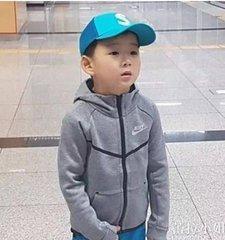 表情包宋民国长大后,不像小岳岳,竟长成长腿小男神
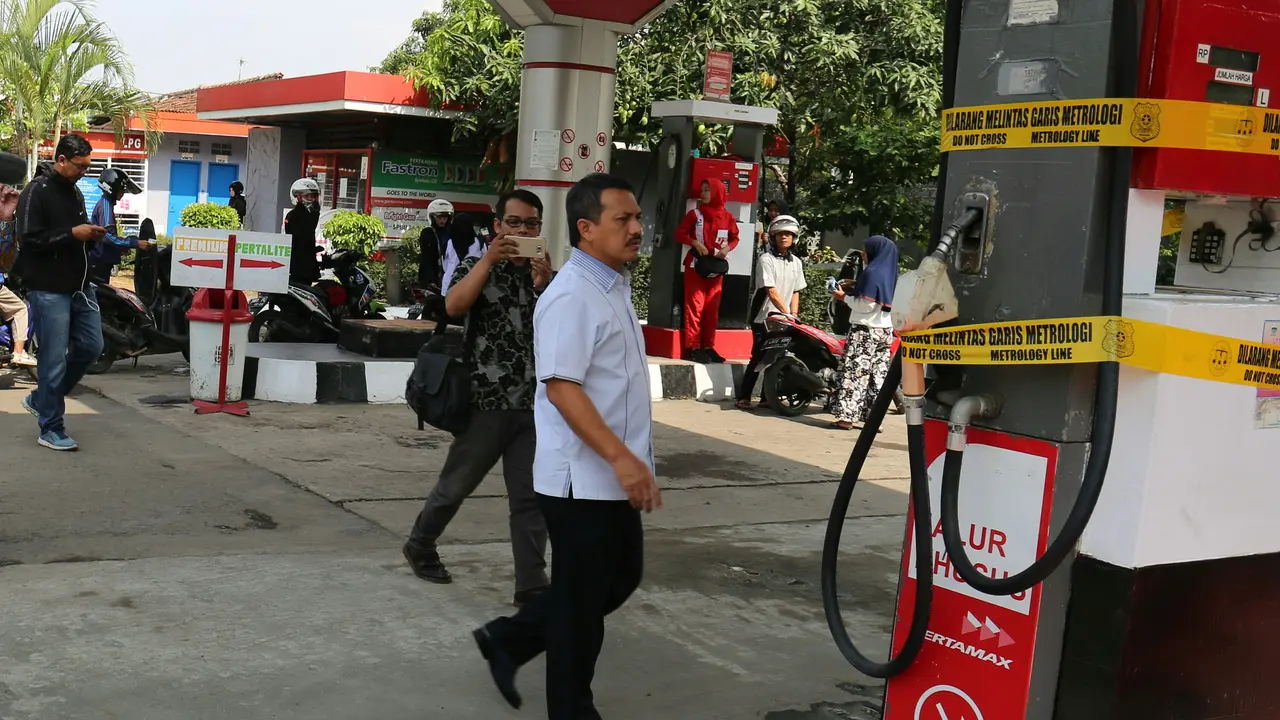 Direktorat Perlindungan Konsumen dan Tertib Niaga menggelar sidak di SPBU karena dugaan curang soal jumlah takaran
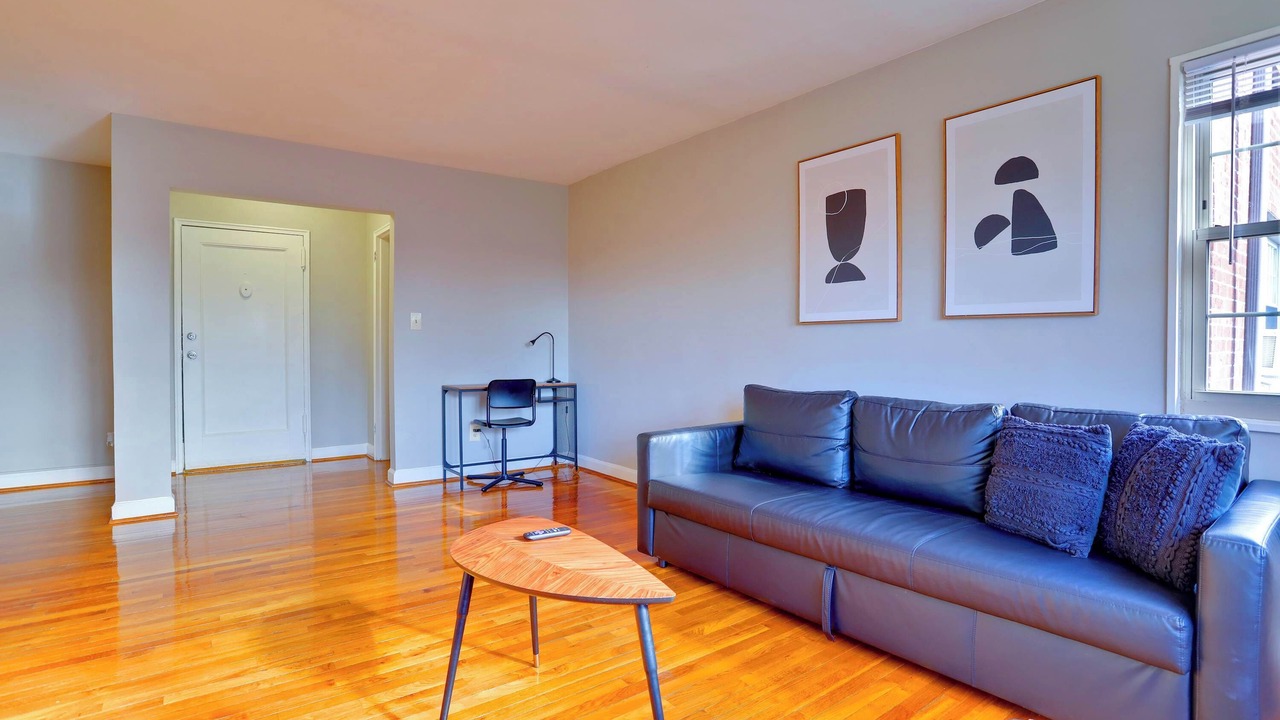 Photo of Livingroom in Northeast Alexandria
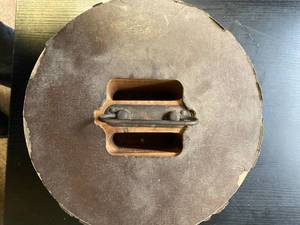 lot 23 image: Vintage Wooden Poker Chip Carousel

+ + +

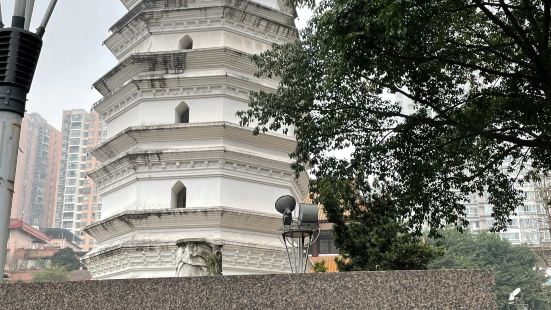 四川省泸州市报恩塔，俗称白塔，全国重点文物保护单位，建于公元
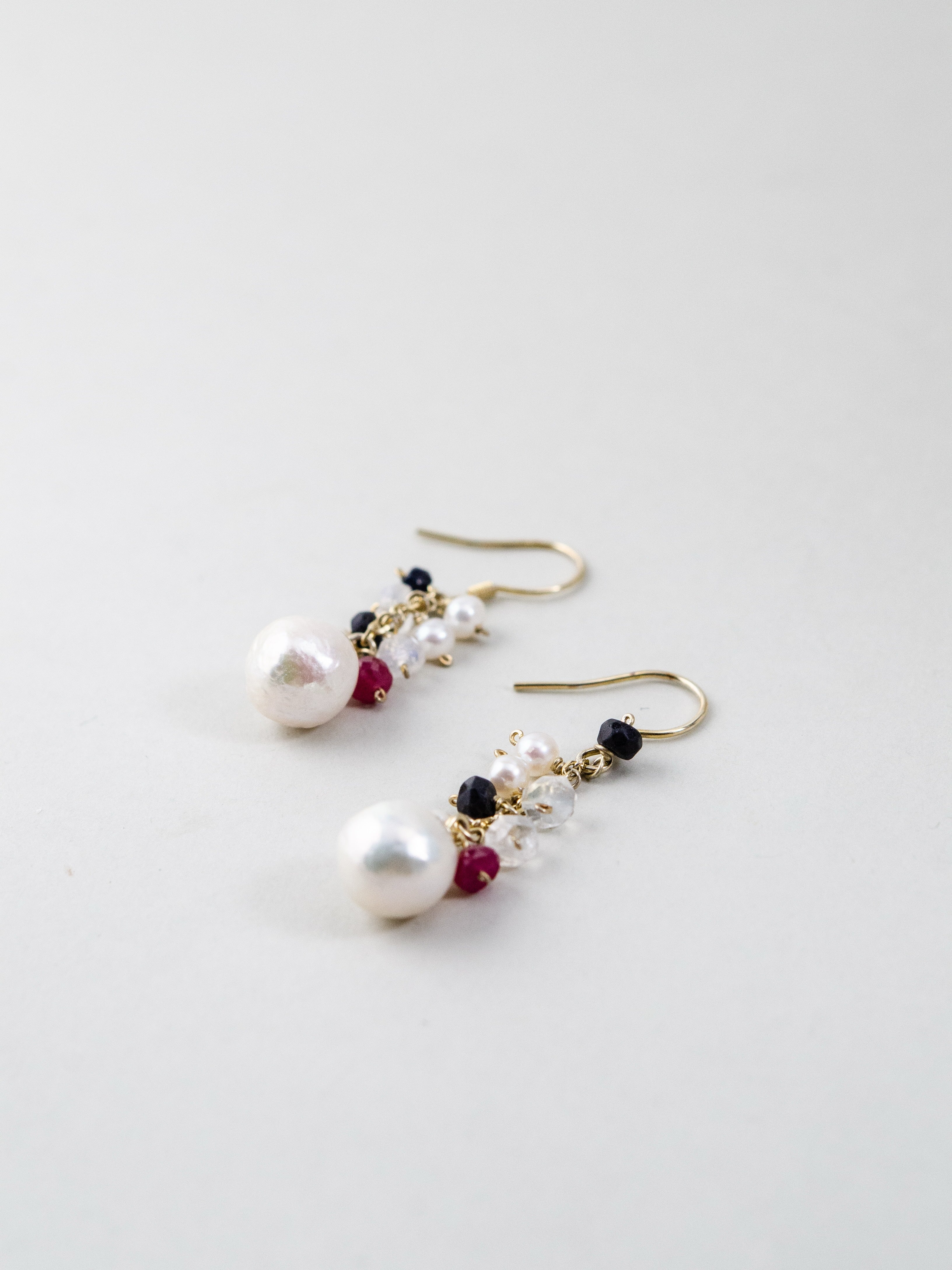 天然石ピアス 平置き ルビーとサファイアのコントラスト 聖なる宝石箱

+ + +

What you need to produce is an exact copy of the entries above, limited to the lines from the one with "表情包宋民国长大后,不像小岳岳,竟长成长腿小男神" up to and including the one with "lot 23 image: Vintage", without pictures.

 表情包宋民国长大后,不像小岳岳,竟长成长腿小男神
 Direktorat Perlindungan Konsumen dan Tertib Niaga menggelar sidak di SPBU karena dugaan curang soal jumlah takaran
 Photo of Livingroom in Northeast Alexandria
 lot 23 image: Vintage Wooden Poker Chip Carousel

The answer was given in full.